2012 November 14



A medieval calligrapher scribes a book

When I was about 9 years old, my parents gave me a basic calligraphy set. It’s not that my handwriting was particularly good (or particularly bad!)—I think they were just experimenting with different artistic outlets. For whatever reason, it struck a chord. (A quill?) After experimenting and practicing for months, I got my first job ever—lettering a short quote for my piano teacher. As a thank-you gift, she gave me a copy of Margaret Shepherd’s Learning Calligraphy: a Book of Lettering, Design and History.

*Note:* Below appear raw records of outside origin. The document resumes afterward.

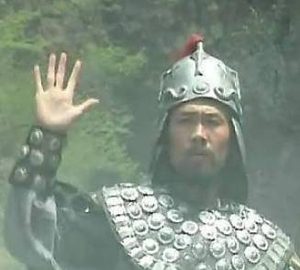 三国时期蜀汉灭亡之际，发生了哪些战斗故事呢？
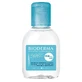 Bioderma Abcderm Micellar Solution H2O 100ml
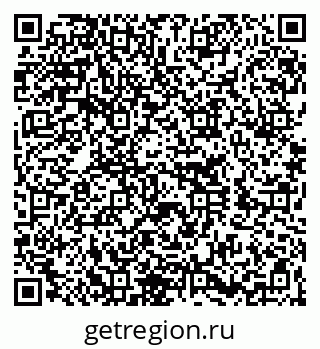 79260278021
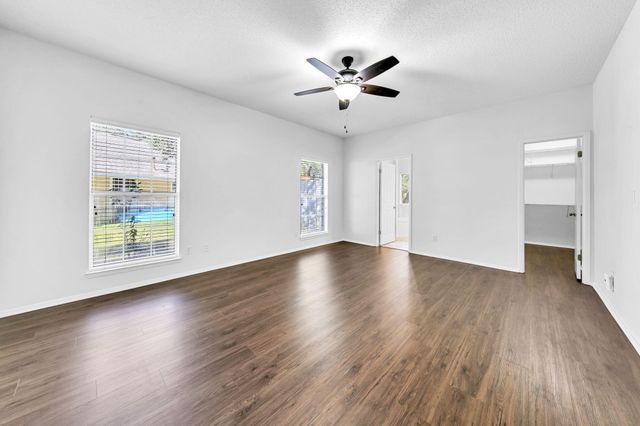 4429 Amberlake Cove, Niceville, FL 32578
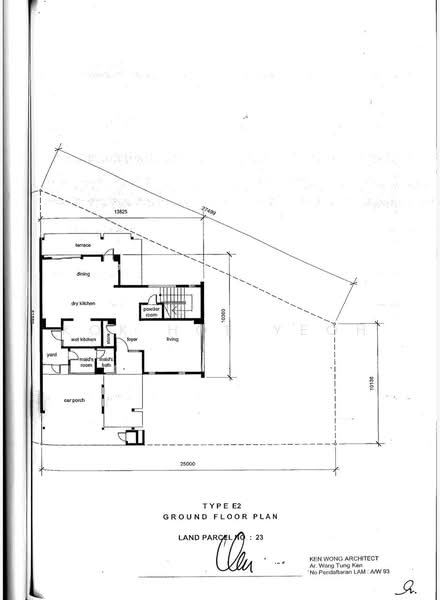 Casaman untuk Untuk Disewa - RM 16,000 /bulan, Feb 2026 - PropertyGuru.com.my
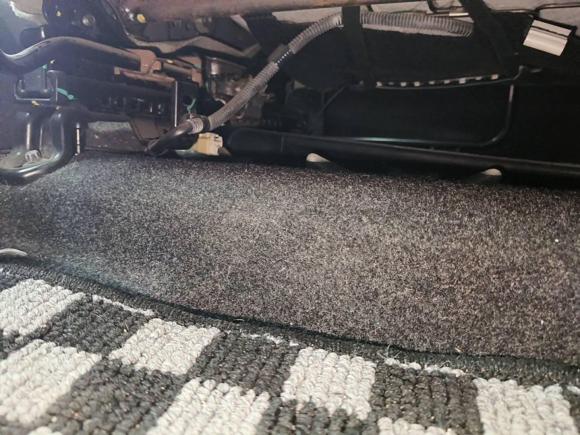 [广州·琼A] 二手丰田雅力士2009款 1.6E 自动舒适版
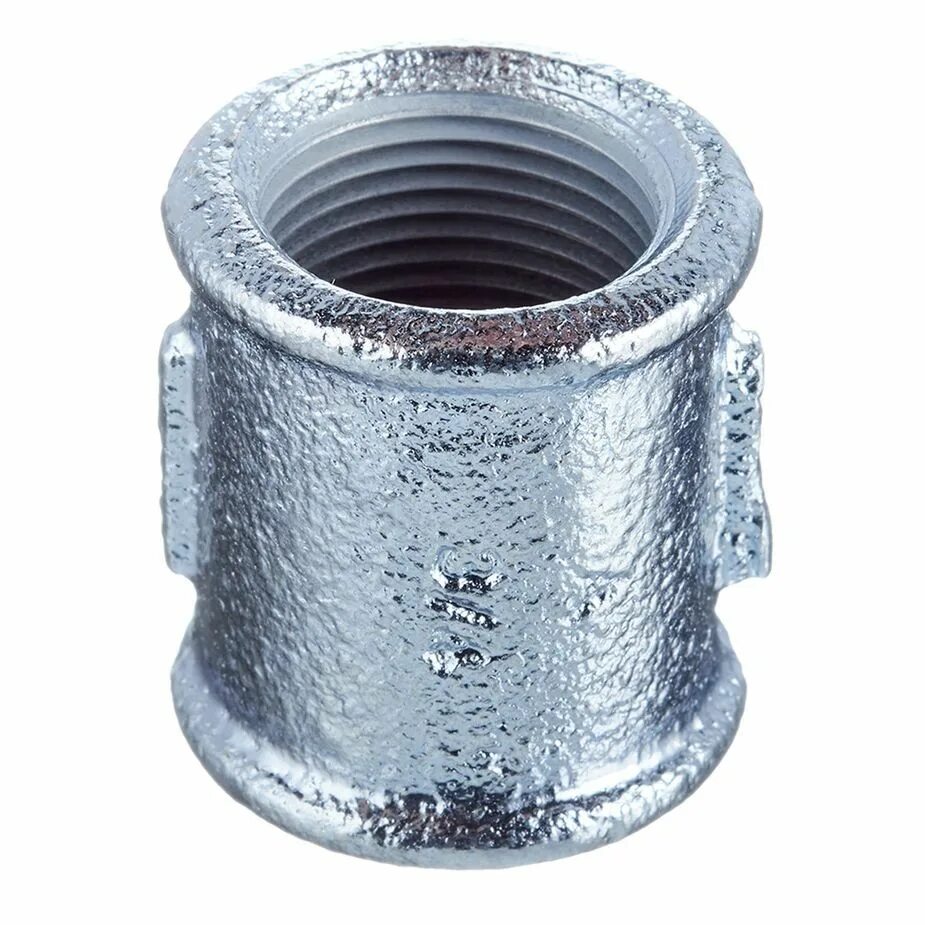 Gebo американка вн-вн 2" platinum. Муфта переходная чугунная оцинкованная. Американка конусообразная вн/вн gebo platinum. Муфта разъемная вв far. Gebo platinum.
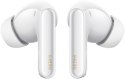 Słuchawki Xiaomi Redmi Buds 8 Pro Cloud White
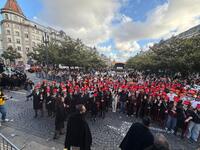 Clique para aumentar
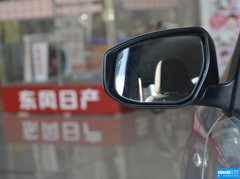 2013款 1.6L 手动 舒适型
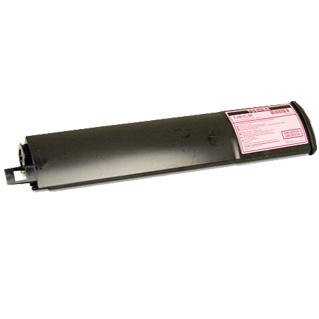 Toshiba e-Studio T3511 T3511DM x1 Magenta Comp.
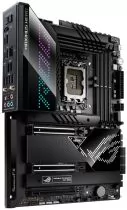 ASUS ROG MAXIMUS Z690 HERO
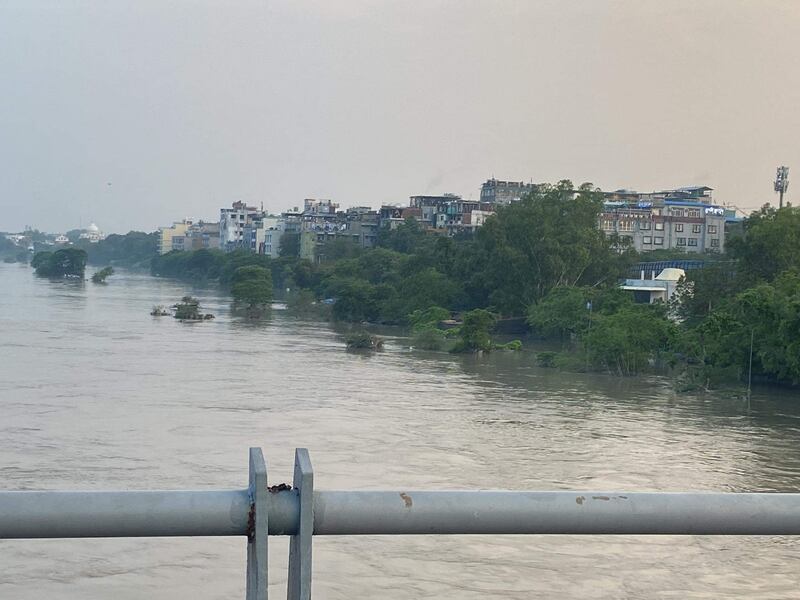 Delhi Samyeling flood (2).JPG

After that, there was no stopping me.

Most often, I’ve done pieces solely for my own pleasure, but from time to time I’ve given them away or been commissioned to do a work. So technically, I’m a professional calligrapher. One side benefit: practicing calligraphy has taught me infinite care and patience. A well-designed calligraphy job requires exquisite planning—measuring the spacing, carefully drawing in light parallel guidelines in pencil, working letter by letter… starting the entire piece over after a single slip of the nib. Like nothing else, calligraphy has shown me that 4 hours of careful planning and preparation can save days of fruitless effort.

Like most office workers, I spend a lot of time typing these days and very little time writing by hand. You’d never guess from my regular handwriting that I’m capable of beautiful lettering.